大鎌を持つ手が緩む。残された少ない回路、他を害するという本能が斬られ、身体が言う事を聞かなくなっているのだ。
「終わらせよう」
DJがlogを飛ばしモイライの腕に引っ掛ける。抵抗しようと身動ぎするも力が入らず振り解けない。ワイヤーを引っ張り体勢を崩させたと同時、駆け抜けて佳莉の身体を担いで回収する。
「ディーさん……ありがとうございます……」
「お疲れさん嬢ちゃん。
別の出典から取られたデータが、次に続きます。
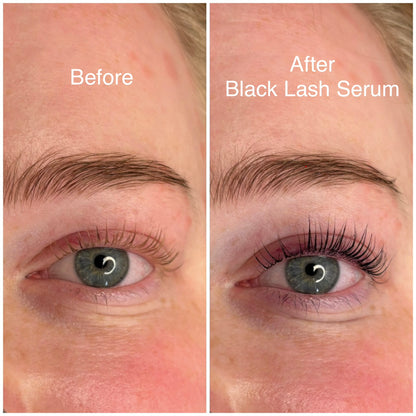 The Lash Upgrade Duo - Black Lash Serum + Tubing Mascara Serum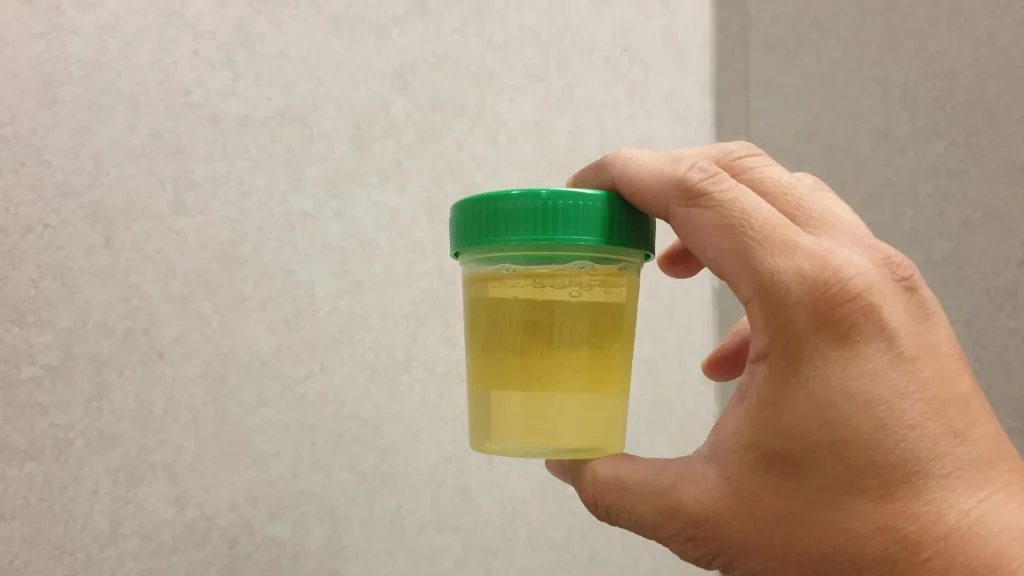 Tes urin 24 jam menjadi salah satu metode diagnostik penting untuk mengevaluasi kondisi ginjal, sistem hormonal, serta metabolisme tubuh secara menyeluruh.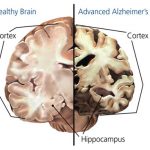 Alzheimers Brain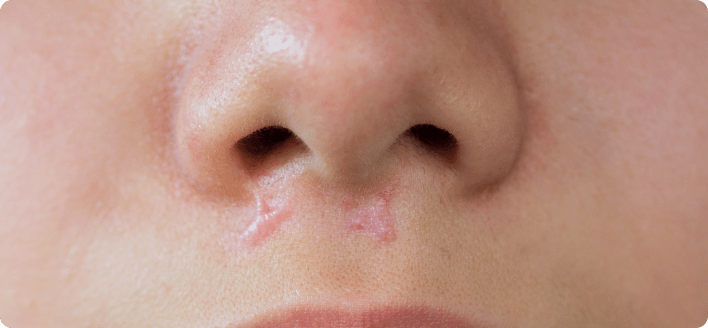 Scar on the philtrum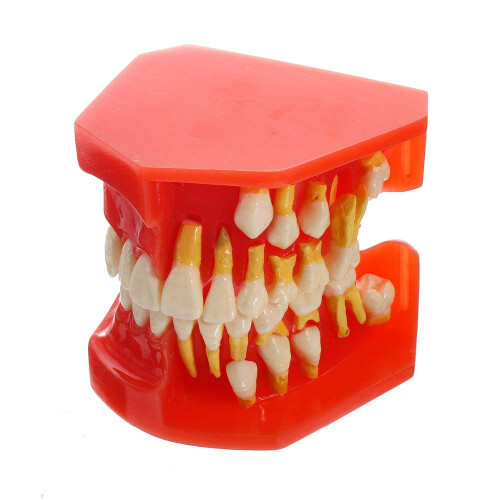 Dental Implant Model with Removable Teeth and Visible Interface for Kids and Adults Study Training 1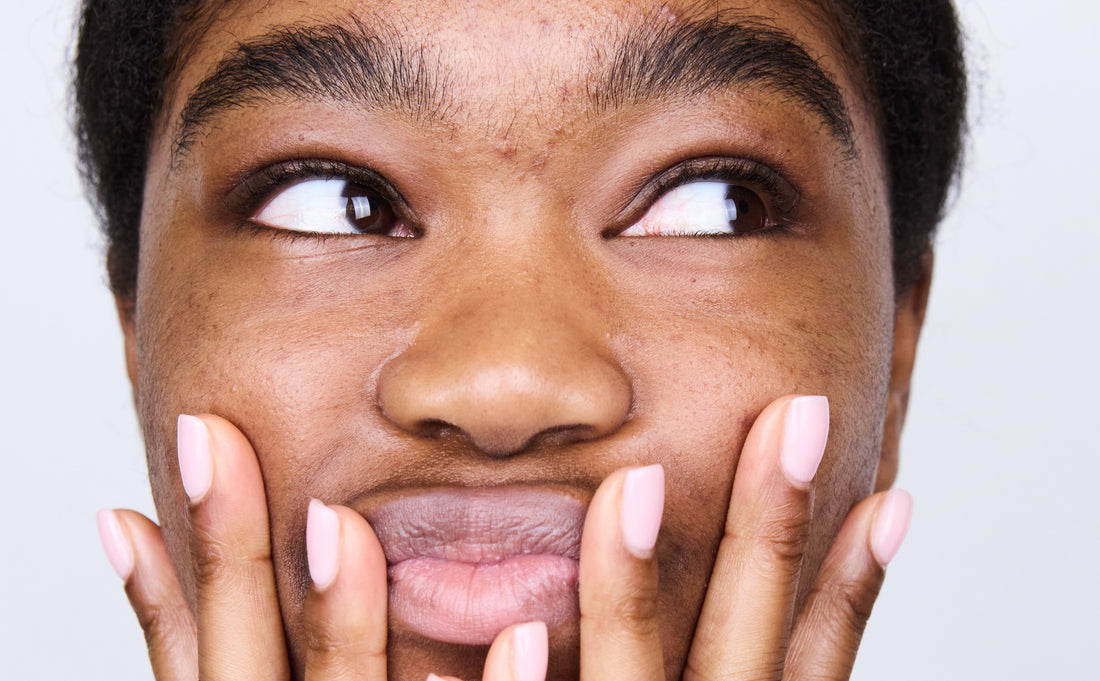 What does non-comedogenic mean?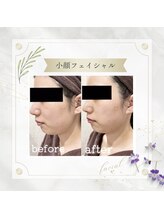 アディッシモ(addissimo)/マシーン＋マッサージで速攻小顔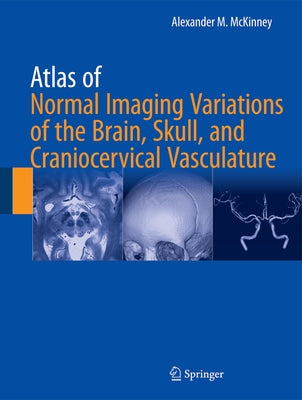 Atlas of Normal Imaging Variations of the Brain, Skull, and Craniocervical Vasculature by McKinney, Alexander M.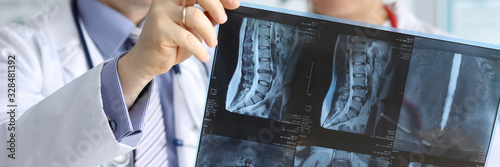 Fotomural Close-up of doctors hands holding x-ray vertebra in different projections
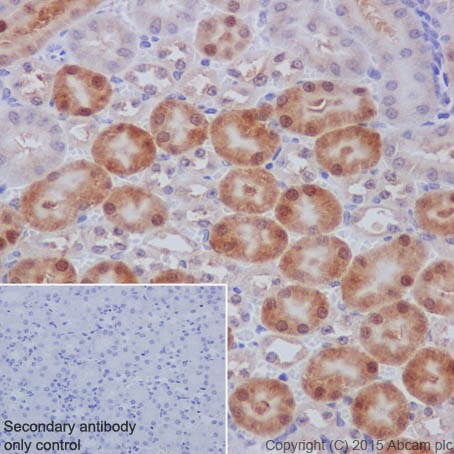 Immunohistochemistry (Formalin/PFA-fixed paraffin-embedded sections) - Anti-PKC beta 1 antibody [EPR18512] (ab195039)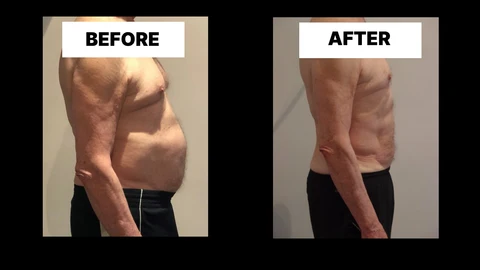What Symptoms Can Diastasis Recti Cause in Men? Weak Core, Back Pain and Poor Posture Stourport-on-Severn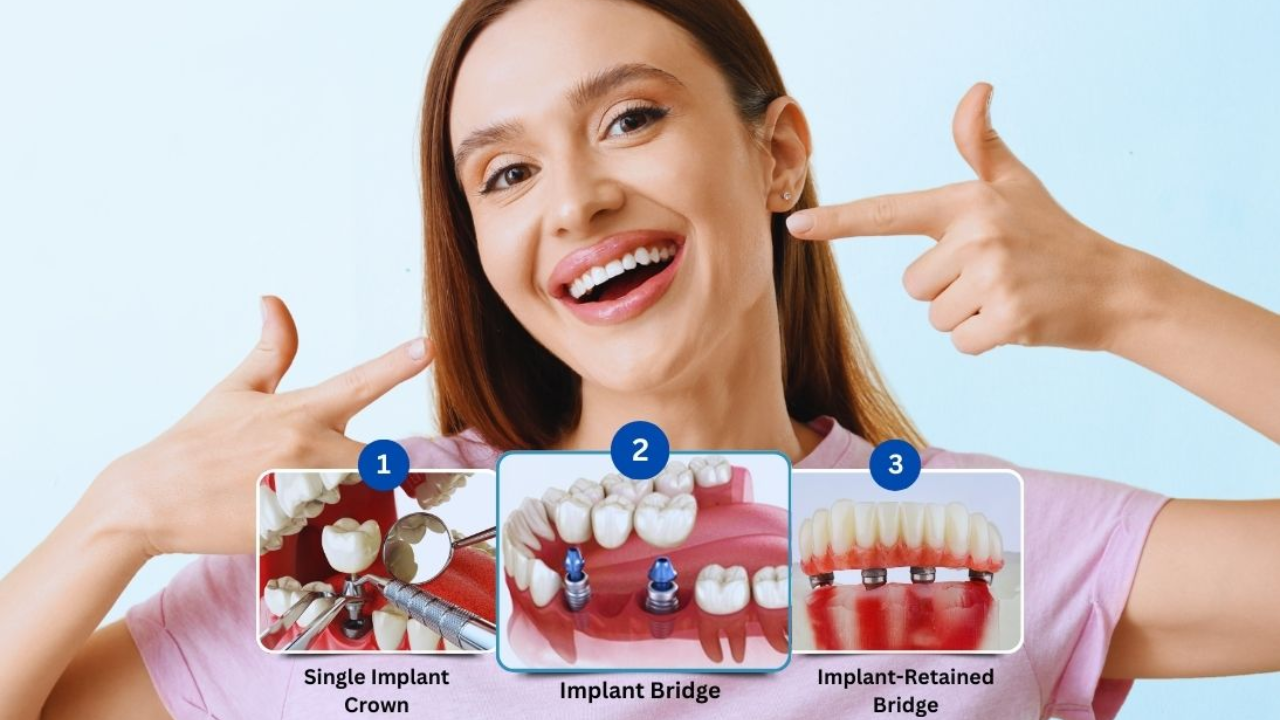 Types of Dental Implants: Everything You Need To Know for Perfect Treatment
今は寝ておきな、後は、騎士様が終わらせてくれるさ」
どうして……
どうしてこうなった……
役目を、神としての、この世界の役目を果たす為に私は……
「終わりだ、剪定者」
狂っていた……
狂っていたとは言え私は役目に背き生命を屠った……
最期の最期で酷い事だ。
せめて……神としての矜恃を……否……私を討滅する者逹にこの威を……
「はぁぁぁぁぁぁっ!!!」
火の粉を撒き散らしながらルパートはランスを、彼女の心臓に突き刺す。仄かな光が溢れ、やがて蒼い炎となって燃えていく。
『我はモイライ……命の剪定者……』
三人は最後、炎に呑まれていくその瞳に理性光を見た。